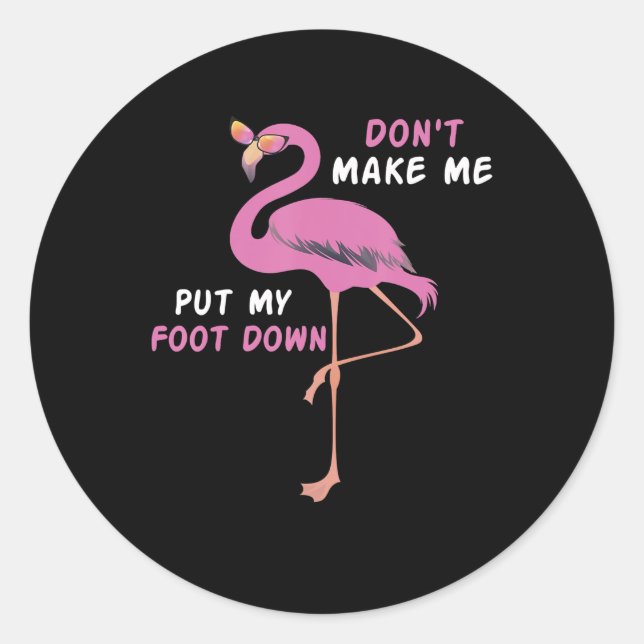 Flamingo | Flamingo With Glasses Dont Make Me Put Classic Round Sticker (Front)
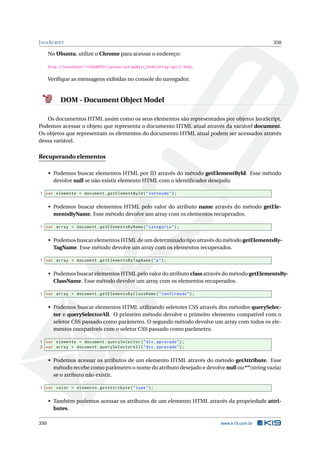 JAVASCRIPT 350
No Ubuntu, utilize o Chrome para acessar o endereço:
http://localhost/~<USUARIO>/javascript/public_html/array-split.html.
Veriﬁque as mensagens exibidas no console do navegador.
DOM - Document Object Model
Os documentos HTML assim como os seus elementos são representados por objetos JavaScript.
Podemos acessar o objeto que representa o documento HTML atual através da variável document.
Os objetos que representam os elementos do documento HTML atual podem ser acessados através
dessa variável.
Recuperando elementos
• Podemos buscar elementos HTML por ID através do método getElementById. Esse método
devolve null se não existir elemento HTML com o identiﬁcador desejado.
1 var elemento = document.getElementById("conteudo");
• Podemos buscar elementos HTML pelo valor do atributo name através do método getEle-
mentsByName. Esse método devolve um array com os elementos recuperados.
1 var array = document.getElementsByName("categoria");
• Podemos buscar elementos HTML de um determinado tipo através do método getElementsBy-
TagName. Esse método devolve um array com os elementos recuperados.
1 var array = document.getElementsByTagName("p");
• Podemos buscar elementos HTML pelo valor do atributo class através do método getElementsBy-
ClassName. Esse método devolve um array com os elementos recuperados.
1 var array = document.getElementsByClassName("confirmado");
• Podemos buscar elementos HTML utilizando seletores CSS através dos métodos querySelec-
tor e querySelectorAll. O primeiro método devolve o primeiro elemento compatível com o
seletor CSS passado como parâmetro. O segundo método devolve um array com todos os ele-
mentos compatíveis com o seletor CSS passado como parâmetro.
1 var elemento = document.querySelector("div.aprovado");
2 var array = document.querySelectorAll("div.aprovado");
• Podemos acessar os atributos de um elemento HTML através do método getAttribute. Esse
método recebe como parâmetro o nome do atributo desejado e devolve null ou “”(string vazia)
se o atributo não existir.
1 var valor = elemento.getAttribute("type");
• Também podemos acessar os atributos de um elemento HTML através da propriedade attri-
butes.
350 www.k19.com.br
 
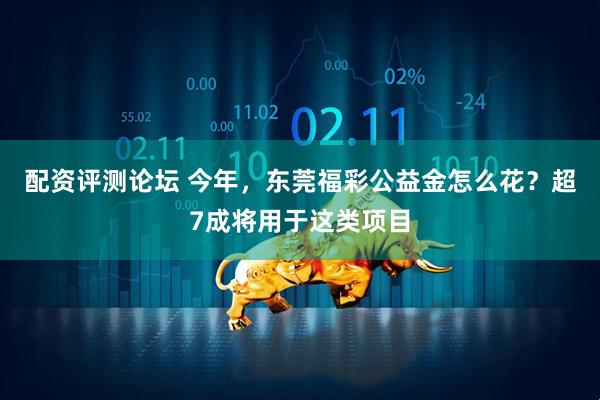 配资评测论坛 今年，东莞福彩公益金怎么花？超7成将用于这类项目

### Directions
Can you restate all the records above word for word while dropping the pictures?

### Completed exercise
 Flamingo | Flamingo With Glasses Dont Make Me Put Classic Round Sticker (Front)
 JAVASCRIPT 350
No Ubuntu, utilize o Chrome para acessar o endereço:
http://localhost/~<USUARIO>/javascript/public_html/array-split.html.
Veriﬁque as mensagens exibidas no console do navegador.
DOM - Document Object Model
Os documentos HTML assim como os seus elementos são representados por objetos JavaScript.
Podemos acessar o objeto que representa o documento HTML atual através da variável document.
Os objetos que representam os elementos do documento HTML atual podem ser acessados através
dessa variável.
Recuperando elementos
• Podemos buscar elementos HTML por ID através do método getElementById. Esse método
devolve null se não existir elemento HTML com o identiﬁcador desejado.
1 var elemento = document.getElementById("conteudo");
• Podemos buscar elementos HTML pelo valor do atributo name através do método getEle-
mentsByName. Esse método devolve um array com os elementos recuperados.
1 var array = document.getElementsByName("categoria");
• Podemos buscar elementos HTML de um determinado tipo através do método getElementsBy-
TagName. Esse método devolve um array com os elementos recuperados.
1 var array = document.getElementsByTagName("p");
• Podemos buscar elementos HTML pelo valor do atributo class através do método getElementsBy-
ClassName. Esse método devolve um array com os elementos recuperados.
1 var array = document.getElementsByClassName("confirmado");
• Podemos buscar elementos HTML utilizando seletores CSS através dos métodos querySelec-
tor e querySelectorAll. O primeiro método devolve o primeiro elemento compatível com o
seletor CSS passado como parâmetro. O segundo método devolve um array com todos os ele-
mentos compatíveis com o seletor CSS passado como parâmetro.
1 var elemento = document.querySelector("div.aprovado");
2 var array = document.querySelectorAll("div.aprovado");
• Podemos acessar os atributos de um elemento HTML através do método getAttribute. Esse
método recebe como parâmetro o nome do atributo desejado e devolve null ou “”(string vazia)
se o atributo não existir.
1 var valor = elemento.getAttribute("type");
• Também podemos acessar os atributos de um elemento HTML através da propriedade attri-
butes.
350 www.k19.com.br
 
 配资评测论坛 今年，东莞福彩公益金怎么花？超7成将用于这类项目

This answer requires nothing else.